First fire of SGT6-9000HL gas turbine
Siemens Energy said it has achieved a major milestone by successfully starting the world’s first SGT6-9000HL gas turbine at Duke Energy’s Lincoln Combustion Turbine Station.
The first fire of the turbine confirms the engine and the auxiliary systems – including the gas supply, lube oil system, control system and startup systems – are working together as designed, Siemens said. During first fire, the SGT6-9000HL ramped up to a pre-determined test speed, and the combustion system ignited.
In November 2019, Siemens delivered the 402 MW unit from its manufacturing plant in Charlotte, N.C., to Duke Energy’s Lincoln station near Denver, North Carolina, U.S., where workers lifted the 340-ton turbine onto its foundation.

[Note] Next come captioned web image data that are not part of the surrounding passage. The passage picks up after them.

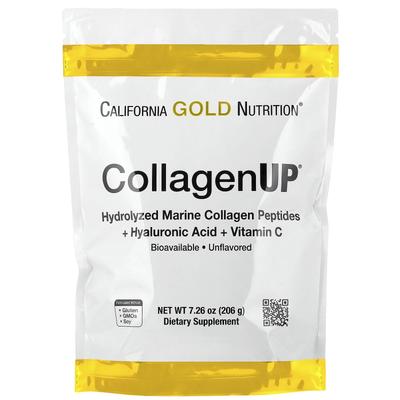 Collagenup®, mit hydrolysierten marinen Kollagenpeptiden, Hyaluronsäure und Vitamin C, geschmacksneutral, 206 g (7,26 Unzen)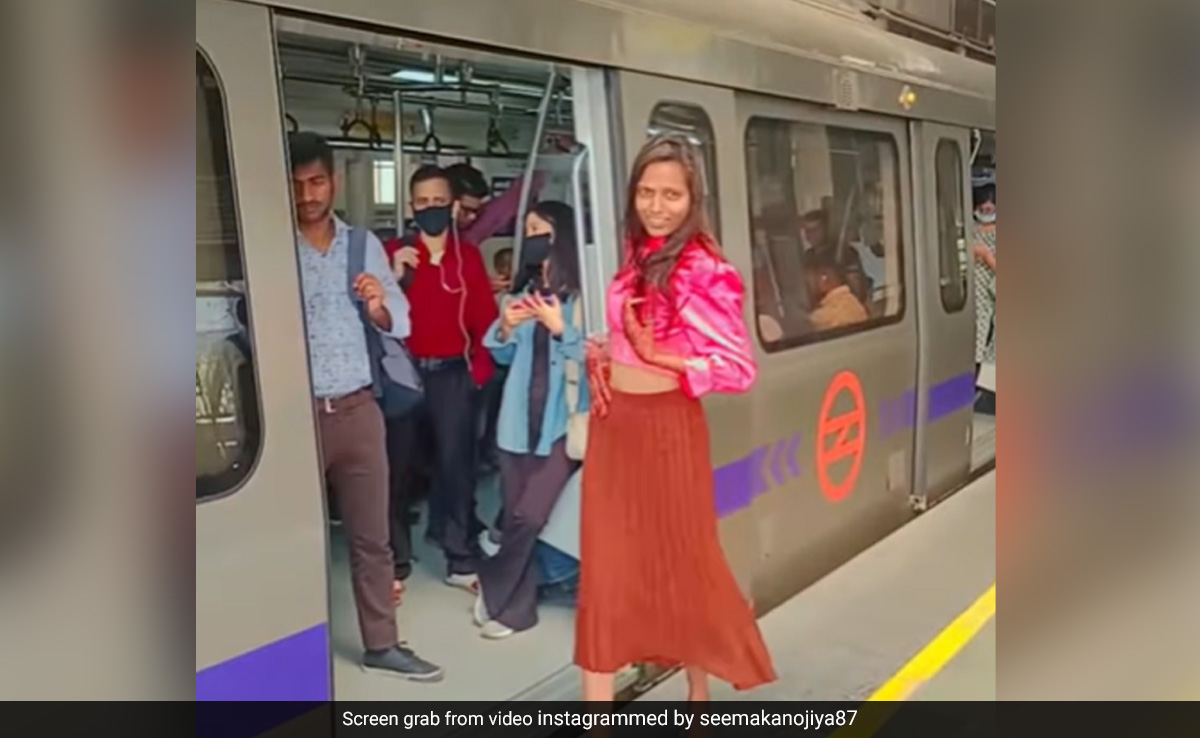 Viral Video Of Influencer Dancing On Delhi Metro Platform Angers Internet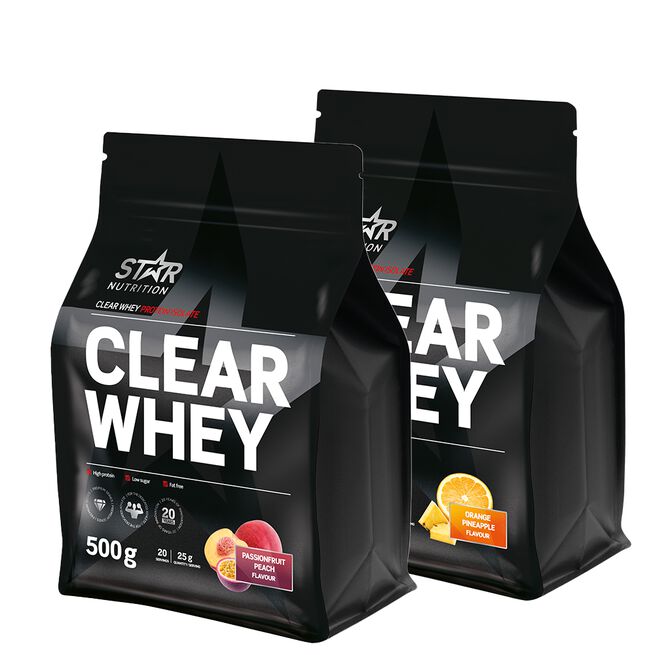2 x klart Valleprotein 500 g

After the first phase of testing is completed, the SGT6-9000HL will continue its four-year testing plan (2020-2024), gradually introducing technologies to achieve the next level of efficiency.
The unit will operate in simple-cycle mode under real-world power plant conditions, allowing Siemens to continually assess and optimize the performance while gaining valuable commercial operating experience.
The gas turbine’s ramp-up rate is about 85 MW a minute, maximizing operational flexibility and integration with fluctuating renewable generation. With increased inspection intervals of 33 000 equivalent base-hours and 1250 equivalent starts, the unit will also provide outstanding reliability and lower life-cycle costs.
When all testing is completed in 2024, Siemens will turn over the advanced unit to Duke Energy. The unit will be the most efficient of its type in Duke Energy’s fleet, generating enough energy to power more than 300 000 homes in the Carolinas. Investing in natural gas technology will also help Duke Energy close coal plants faster and reach its aggressive goals for cutting carbon emissions by at least 50% by 2030.
The HL-class’s engine architecture is composed of an air-cooled four-stage power turbine, hydraulic clearance optimization for higher efficiency at full load while facilitating immediate restart, a service-friendly steel rotor design with Hirth serrations and a central single tie rod and a can annular combustion system.